--- Data for review Enclosed Below ---
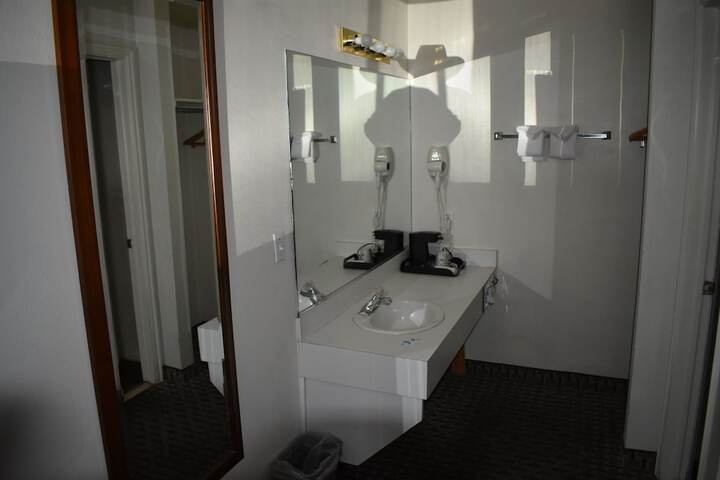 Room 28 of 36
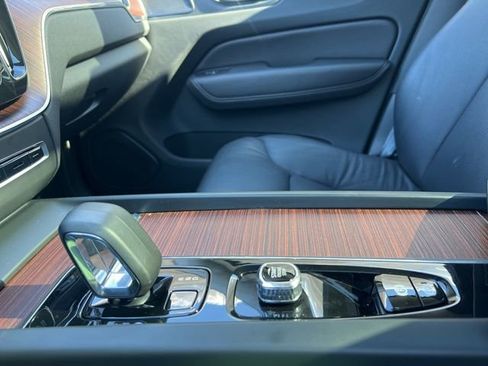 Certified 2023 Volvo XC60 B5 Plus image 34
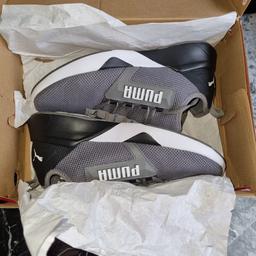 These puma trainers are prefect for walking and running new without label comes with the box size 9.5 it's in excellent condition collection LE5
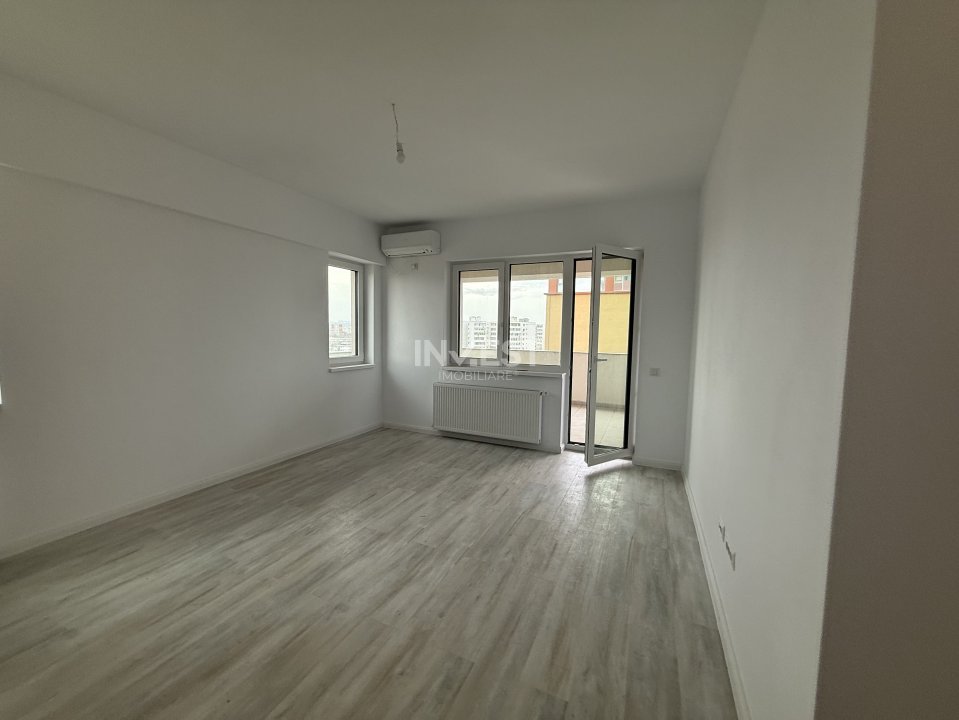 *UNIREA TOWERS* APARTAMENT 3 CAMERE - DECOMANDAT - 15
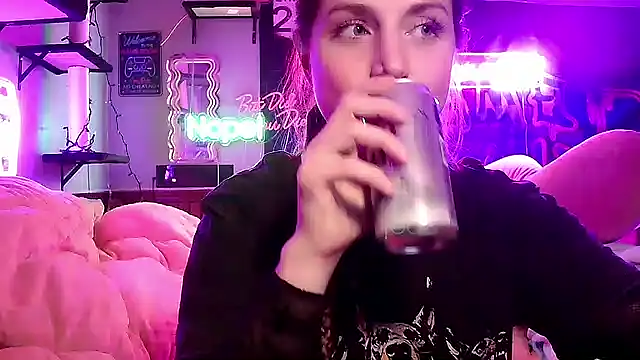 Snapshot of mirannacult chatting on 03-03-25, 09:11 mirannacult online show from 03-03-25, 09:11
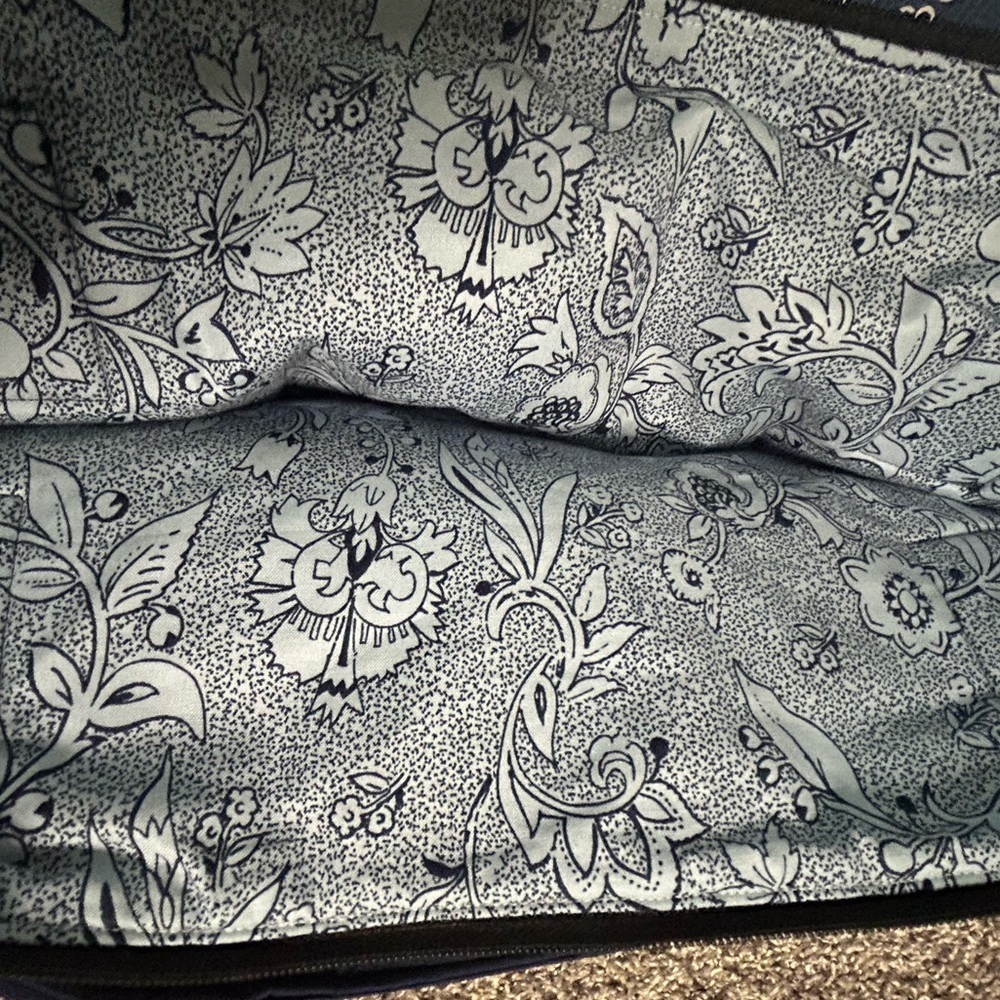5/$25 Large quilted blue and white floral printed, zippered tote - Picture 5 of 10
--- End of Enclosed Data for review ---
Problem to solve: Go back to the entries above and restate word for word every line from the first through the one that contains "DECOMANDAT - 15", leaving the pictures behind.

Result:
 Room 28 of 36
 Certified 2023 Volvo XC60 B5 Plus image 34
 These puma trainers are prefect for walking and running new without label comes with the box size 9.5 it's in excellent condition collection LE5
 *UNIREA TOWERS* APARTAMENT 3 CAMERE - DECOMANDAT - 15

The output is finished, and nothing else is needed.